DATASET EXCERPT:

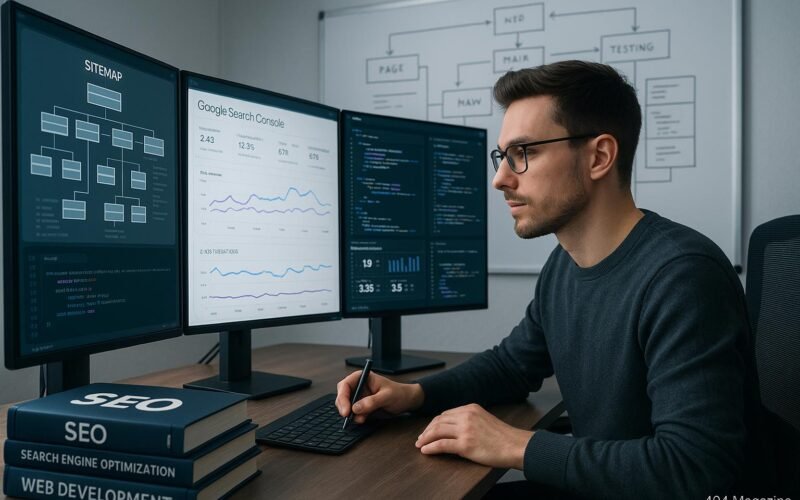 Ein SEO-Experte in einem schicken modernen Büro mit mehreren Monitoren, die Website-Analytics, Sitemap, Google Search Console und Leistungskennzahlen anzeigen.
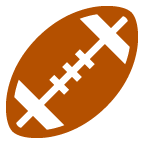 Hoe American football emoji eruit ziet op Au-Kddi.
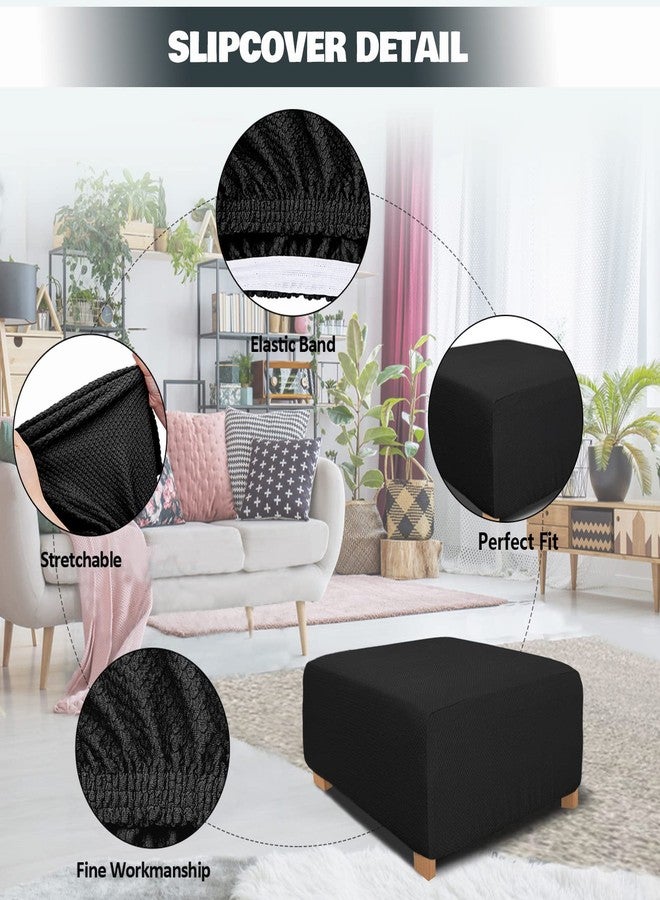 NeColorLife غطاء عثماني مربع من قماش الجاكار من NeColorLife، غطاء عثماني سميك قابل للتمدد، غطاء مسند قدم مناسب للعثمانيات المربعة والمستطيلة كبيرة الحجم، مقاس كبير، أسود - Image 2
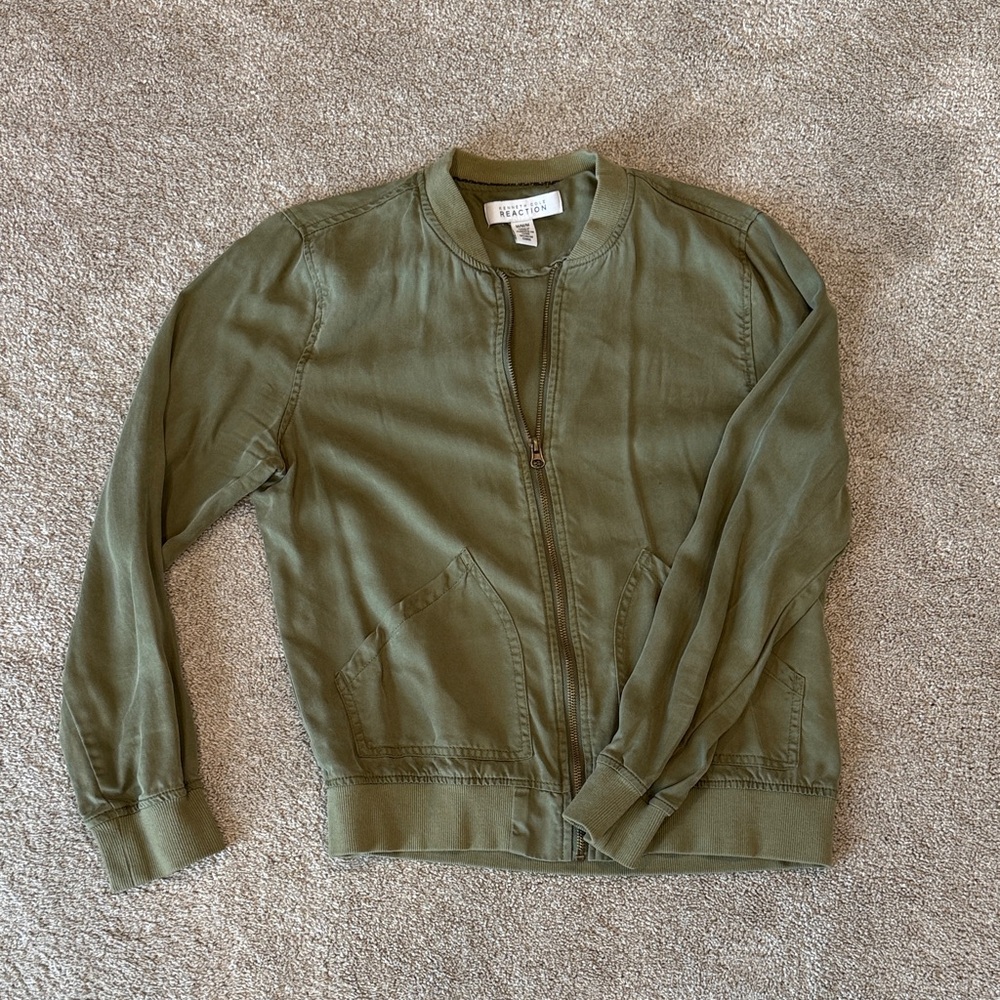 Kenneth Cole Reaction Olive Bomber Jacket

TASK:
Start with the line that holds "Hoe American football" and retype each line through the last one in the data, exactly and without pictures.

SOLUTION TO THIS PROBLEM:
 Hoe American football emoji eruit ziet op Au-Kddi.
 NeColorLife غطاء عثماني مربع من قماش الجاكار من NeColorLife، غطاء عثماني سميك قابل للتمدد، غطاء مسند قدم مناسب للعثمانيات المربعة والمستطيلة كبيرة الحجم، مقاس كبير، أسود - Image 2
 Kenneth Cole Reaction Olive Bomber Jacket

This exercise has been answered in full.